> _Data block_:
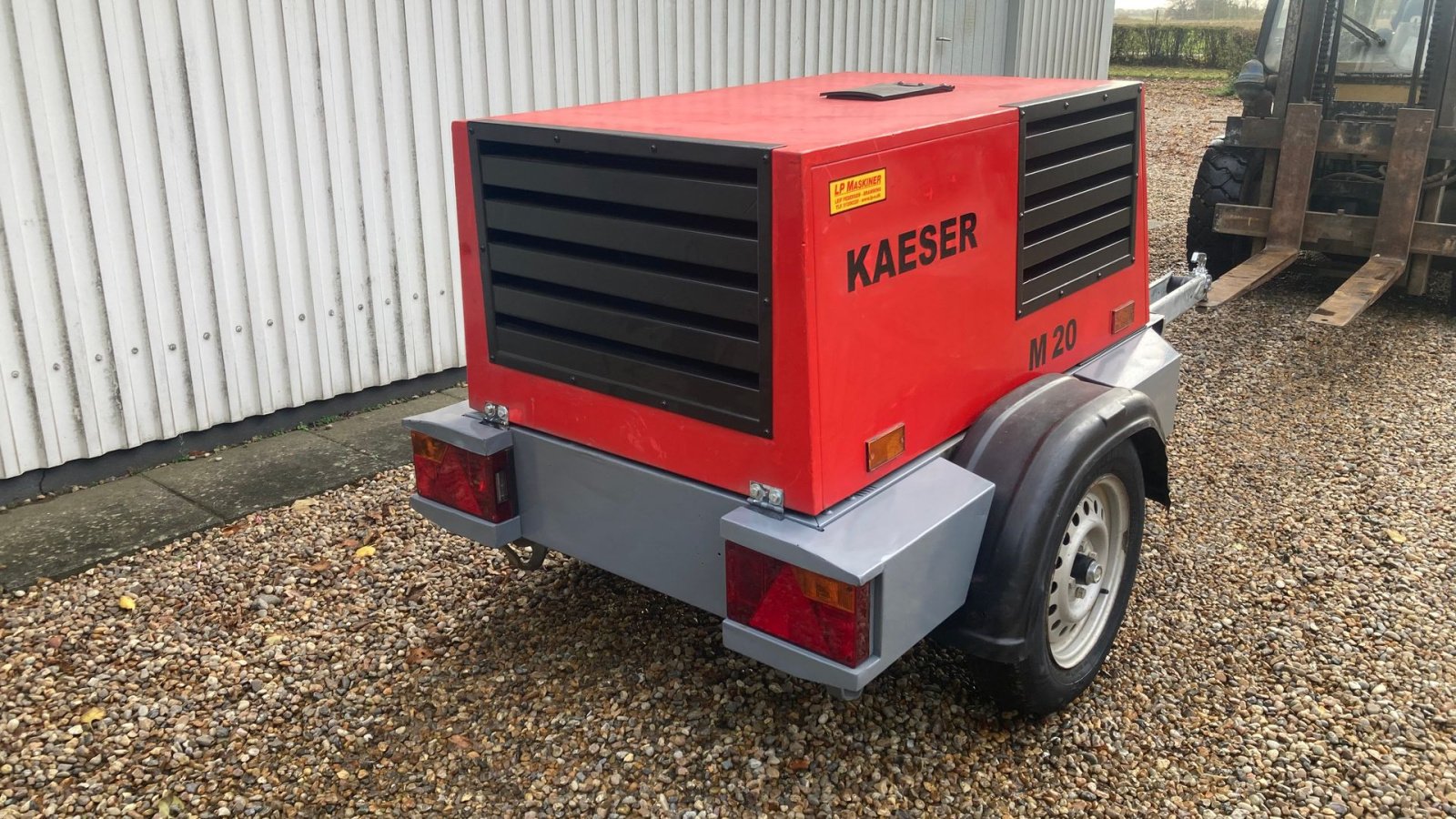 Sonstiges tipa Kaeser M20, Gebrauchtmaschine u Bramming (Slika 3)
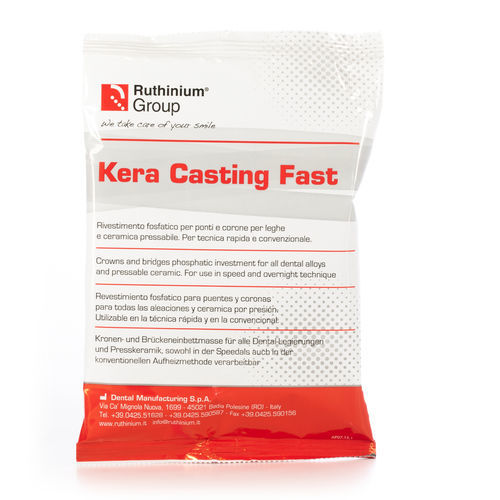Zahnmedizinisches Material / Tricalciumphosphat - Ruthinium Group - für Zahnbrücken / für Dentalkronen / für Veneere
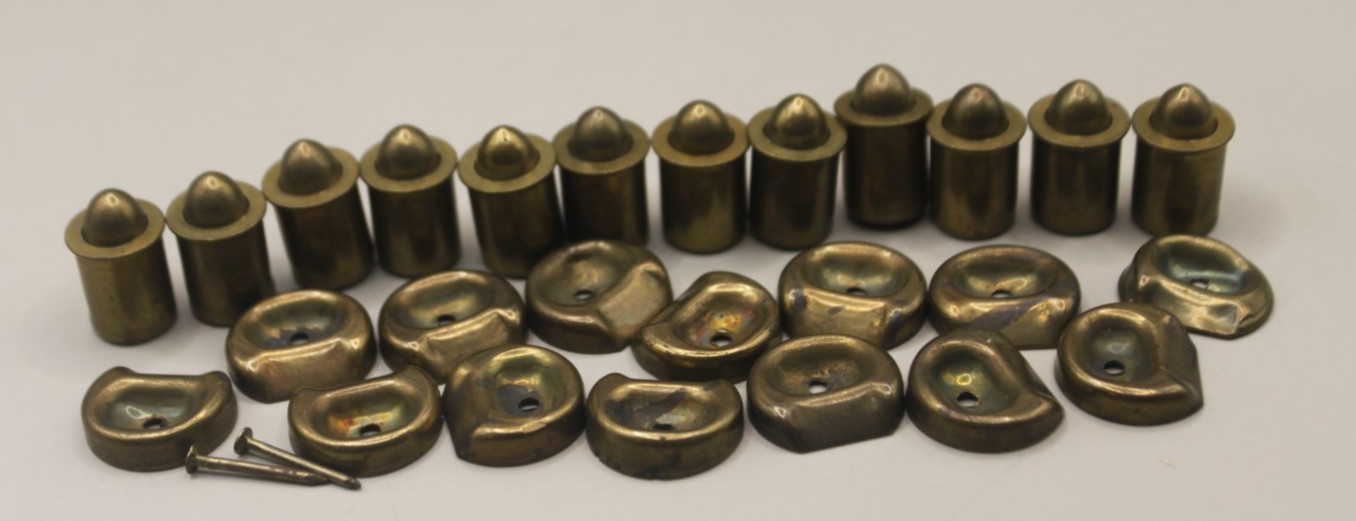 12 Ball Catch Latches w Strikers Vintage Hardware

> _Task requirements_: Transcribe all of the data above verbatim but omit every picture.

> _Solution_:
 Sonstiges tipa Kaeser M20, Gebrauchtmaschine u Bramming (Slika 3)
Zahnmedizinisches Material / Tricalciumphosphat - Ruthinium Group - für Zahnbrücken / für Dentalkronen / für Veneere
 12 Ball Catch Latches w Strikers Vintage Hardware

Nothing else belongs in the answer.